A force de persévérance, il parvint à se faire un nom dans l'étroit royaume. Personne n'avait connaissance de son véritable nom, de son rang, de son importance. Il ne devait sa renommée nouvelle qu'à son acharnement au travail et sa dextérité au combat. Il eut quelques fois des mercenaires, des vagabonds qui, ayant eut affaire à la famille royale d'Erebor, faisaient mine de le reconnaître mais les nains sont des êtres merveilleux en ce sens : ils ne sont jamais indiscrets que si ils ont un intérêt à l'être. Et, fort heureusement pour lui, ce n'était pas le cad. Ici personne ne se souciait de qui il était et, son peuple ne semblant pas le chercher, ils durent se dire qu'il était en visite de plein gré. Il passa ainsi les 142 dernières années paisiblement. Il s'établit dans un mariage de convenance avec l'héritière du couple royal, eut un fils et travailla d'arrache-pied à la maintenance de la petite mine. Il fut couronné du modeste titre de roi à son tour, son épouse étant l'unique héritière du trône et lui, le seul nain jugé suffisamment noble et préoccupé du devenir de la citée. Toutefois, une dizaine d'année seulement après cela, sa compagne céda à la maladie, le laissant seul à la tête du petit royaume. Ils vécurent alors d'autres années paisibles, son fils et lui, jusqu'à entendre ce murmure, celui des corbeaux.
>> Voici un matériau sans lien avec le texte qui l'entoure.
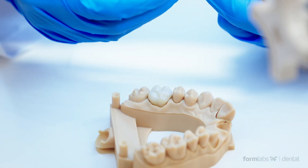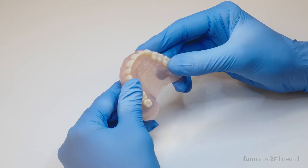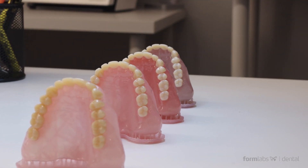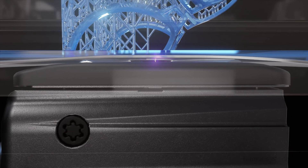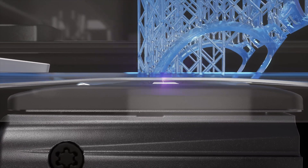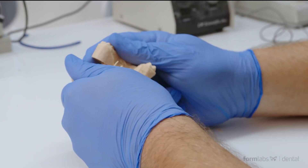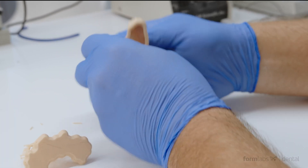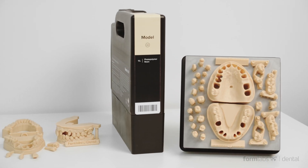All the state-of-the-art technologies we added to the Form 3B were created to help you manufacture parts you can be proud to deliver to your clients. Our proprietary industry-first low-force stereolithography technology reduces the strain created on a part when peeling it from the resin tank between layers, producing parts with incredible surface quality and clarity. Light touch supports make removing support structures easy and leaves virtually no marks on the parts' surfaces, delivering parts that are more accurate than ever.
La Montagne Solitaire, sa maison, ne quitta jamais ses pensées et ce malgré le siècle écoulé. Elle fut le théâtre de ses jours les plus heureux, d'une vie d'aisance, de pléthore, d'opulence. Il eut vent, bien entendu, de la condition de son frère, seigneur exilé, de la façon dont il assura la prospérité de son peuple au sein des Montagnes Bleues. Fait qui, du reste, l'emplit d'une fierté malséante : il n'avait juré toute son enfance que par son frère, persuadé, à raison, qu'il serait un grand roi et guerrier. Et lorsque, enfin, la rumeur de sa victoire sur la calamité Smaug ainsi que sur les hordes d'Orques lui vint, les sentiments qui l'animaient autrefois, et qu'il avait étouffés, désireux de les voir mourir sous les cendres de son ancienne vie, le submergèrent à nouveau, plus ardents que jamais. L'espérance enfla son cœur : ne serait-ce pas là la chance d'un nouveau départ ? Ne pourrait-il pas plaider sa cause auprès de son si cher frère ?

Le nain expatrié, son fils sous le bras et en qualité de petit monarque de la mine indépendante, prit alors la route d'Erebor, grand royaume nain, dans le but officiel de tisser des liens pour l'expansion de celle-ci, et dans celui, plus officieux, de recouvrer une place qui fut la sienne au sein d'un royaume et d'un cœur qui le repoussèrent naguère.